## Exercise description
In the material below, the lines from the one containing "Sweet Home Gan Bai Sau Vung Tau Aparthotel" through the one containing "2226 SW Algiers Court Dunnellon FL 34431" are to be given again exactly, ends included, and no others.

● ● ● ● ●

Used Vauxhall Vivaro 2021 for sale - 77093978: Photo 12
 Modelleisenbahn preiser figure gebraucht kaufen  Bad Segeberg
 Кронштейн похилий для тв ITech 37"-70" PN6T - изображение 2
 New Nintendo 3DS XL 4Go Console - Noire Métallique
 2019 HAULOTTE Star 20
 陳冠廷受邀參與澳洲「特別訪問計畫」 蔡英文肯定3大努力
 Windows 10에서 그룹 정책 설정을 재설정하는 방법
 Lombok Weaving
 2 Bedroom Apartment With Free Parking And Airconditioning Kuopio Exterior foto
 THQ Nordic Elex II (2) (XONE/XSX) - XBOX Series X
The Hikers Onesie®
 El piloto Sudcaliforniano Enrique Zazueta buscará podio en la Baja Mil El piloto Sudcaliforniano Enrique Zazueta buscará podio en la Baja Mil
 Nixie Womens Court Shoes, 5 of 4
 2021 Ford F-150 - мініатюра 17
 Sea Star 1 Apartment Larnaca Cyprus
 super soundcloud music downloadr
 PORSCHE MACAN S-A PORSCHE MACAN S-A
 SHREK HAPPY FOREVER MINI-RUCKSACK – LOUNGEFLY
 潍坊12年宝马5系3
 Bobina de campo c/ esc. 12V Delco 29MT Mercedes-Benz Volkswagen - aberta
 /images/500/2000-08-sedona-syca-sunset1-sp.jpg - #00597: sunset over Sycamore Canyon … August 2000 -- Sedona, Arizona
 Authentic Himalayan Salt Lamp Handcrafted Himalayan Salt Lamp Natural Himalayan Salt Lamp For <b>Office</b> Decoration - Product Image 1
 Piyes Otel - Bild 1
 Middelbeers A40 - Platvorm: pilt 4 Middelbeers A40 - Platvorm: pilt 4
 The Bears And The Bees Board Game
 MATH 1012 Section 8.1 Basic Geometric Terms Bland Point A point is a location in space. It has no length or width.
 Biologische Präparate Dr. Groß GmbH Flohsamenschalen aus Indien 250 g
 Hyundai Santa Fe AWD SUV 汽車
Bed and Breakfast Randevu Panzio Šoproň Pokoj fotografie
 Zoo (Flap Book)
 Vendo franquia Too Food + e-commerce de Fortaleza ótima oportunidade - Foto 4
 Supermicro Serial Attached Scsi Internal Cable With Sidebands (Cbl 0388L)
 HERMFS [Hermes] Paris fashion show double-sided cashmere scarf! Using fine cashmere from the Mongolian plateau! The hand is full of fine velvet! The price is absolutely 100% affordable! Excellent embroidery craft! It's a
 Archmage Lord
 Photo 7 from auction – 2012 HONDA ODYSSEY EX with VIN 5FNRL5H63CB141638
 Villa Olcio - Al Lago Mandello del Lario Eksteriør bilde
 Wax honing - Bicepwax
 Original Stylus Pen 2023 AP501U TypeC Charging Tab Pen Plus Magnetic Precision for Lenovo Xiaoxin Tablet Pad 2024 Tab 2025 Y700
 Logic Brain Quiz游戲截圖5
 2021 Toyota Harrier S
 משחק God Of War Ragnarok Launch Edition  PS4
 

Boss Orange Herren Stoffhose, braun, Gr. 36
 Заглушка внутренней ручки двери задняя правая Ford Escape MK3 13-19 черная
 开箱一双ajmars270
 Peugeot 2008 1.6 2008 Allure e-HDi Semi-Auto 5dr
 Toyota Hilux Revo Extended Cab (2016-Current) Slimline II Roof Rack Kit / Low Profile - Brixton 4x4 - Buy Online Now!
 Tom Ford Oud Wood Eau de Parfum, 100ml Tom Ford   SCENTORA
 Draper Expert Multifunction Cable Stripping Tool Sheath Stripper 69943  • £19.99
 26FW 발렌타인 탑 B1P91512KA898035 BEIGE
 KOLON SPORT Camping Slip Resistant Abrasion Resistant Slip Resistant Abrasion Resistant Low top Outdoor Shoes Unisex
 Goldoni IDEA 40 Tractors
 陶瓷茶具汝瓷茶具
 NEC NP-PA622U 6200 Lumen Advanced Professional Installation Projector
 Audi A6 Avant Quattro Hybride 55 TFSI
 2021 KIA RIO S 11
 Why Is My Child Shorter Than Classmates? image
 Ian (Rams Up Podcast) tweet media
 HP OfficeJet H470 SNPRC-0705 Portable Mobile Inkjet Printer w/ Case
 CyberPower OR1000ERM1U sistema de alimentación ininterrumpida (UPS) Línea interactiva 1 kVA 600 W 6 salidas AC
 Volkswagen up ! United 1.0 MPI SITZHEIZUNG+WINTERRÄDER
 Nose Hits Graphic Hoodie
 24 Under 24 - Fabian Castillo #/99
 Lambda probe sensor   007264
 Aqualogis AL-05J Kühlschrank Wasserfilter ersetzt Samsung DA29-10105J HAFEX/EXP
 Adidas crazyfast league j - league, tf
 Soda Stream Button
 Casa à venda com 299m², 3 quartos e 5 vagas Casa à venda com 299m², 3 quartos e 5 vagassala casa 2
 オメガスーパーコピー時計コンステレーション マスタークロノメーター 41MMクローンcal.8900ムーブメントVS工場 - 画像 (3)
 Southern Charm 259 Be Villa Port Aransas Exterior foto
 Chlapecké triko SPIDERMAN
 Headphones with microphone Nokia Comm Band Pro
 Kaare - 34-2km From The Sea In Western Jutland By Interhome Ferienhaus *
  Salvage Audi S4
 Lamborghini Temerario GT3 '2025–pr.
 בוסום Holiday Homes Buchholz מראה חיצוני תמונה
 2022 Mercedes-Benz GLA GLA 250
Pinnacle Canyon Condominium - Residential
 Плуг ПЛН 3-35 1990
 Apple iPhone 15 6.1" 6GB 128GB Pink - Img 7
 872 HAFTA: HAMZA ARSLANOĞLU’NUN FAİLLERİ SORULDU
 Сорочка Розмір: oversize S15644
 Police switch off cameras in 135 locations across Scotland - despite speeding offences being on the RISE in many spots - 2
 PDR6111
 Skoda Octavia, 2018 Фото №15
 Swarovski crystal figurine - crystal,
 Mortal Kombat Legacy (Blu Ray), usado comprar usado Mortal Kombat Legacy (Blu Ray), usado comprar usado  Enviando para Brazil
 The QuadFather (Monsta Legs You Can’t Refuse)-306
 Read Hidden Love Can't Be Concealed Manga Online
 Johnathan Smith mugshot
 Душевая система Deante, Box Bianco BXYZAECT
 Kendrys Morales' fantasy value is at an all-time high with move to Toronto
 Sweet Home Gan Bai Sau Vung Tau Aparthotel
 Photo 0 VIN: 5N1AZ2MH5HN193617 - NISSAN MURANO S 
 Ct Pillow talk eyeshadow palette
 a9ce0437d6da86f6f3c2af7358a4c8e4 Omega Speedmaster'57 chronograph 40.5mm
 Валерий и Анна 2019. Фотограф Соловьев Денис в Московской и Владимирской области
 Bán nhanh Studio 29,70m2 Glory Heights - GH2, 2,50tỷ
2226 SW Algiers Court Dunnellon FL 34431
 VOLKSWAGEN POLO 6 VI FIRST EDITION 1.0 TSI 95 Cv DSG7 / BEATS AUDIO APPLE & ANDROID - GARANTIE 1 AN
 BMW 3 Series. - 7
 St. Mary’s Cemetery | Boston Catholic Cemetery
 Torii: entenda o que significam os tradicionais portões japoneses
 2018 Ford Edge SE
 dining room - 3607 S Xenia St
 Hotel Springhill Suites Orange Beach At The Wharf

● ● ● ● ●

## Answer for this exercise
 Sweet Home Gan Bai Sau Vung Tau Aparthotel
 Photo 0 VIN: 5N1AZ2MH5HN193617 - NISSAN MURANO S 
 Ct Pillow talk eyeshadow palette
 a9ce0437d6da86f6f3c2af7358a4c8e4 Omega Speedmaster'57 chronograph 40.5mm
 Валерий и Анна 2019. Фотограф Соловьев Денис в Московской и Владимирской области
 Bán nhanh Studio 29,70m2 Glory Heights - GH2, 2,50tỷ
2226 SW Algiers Court Dunnellon FL 34431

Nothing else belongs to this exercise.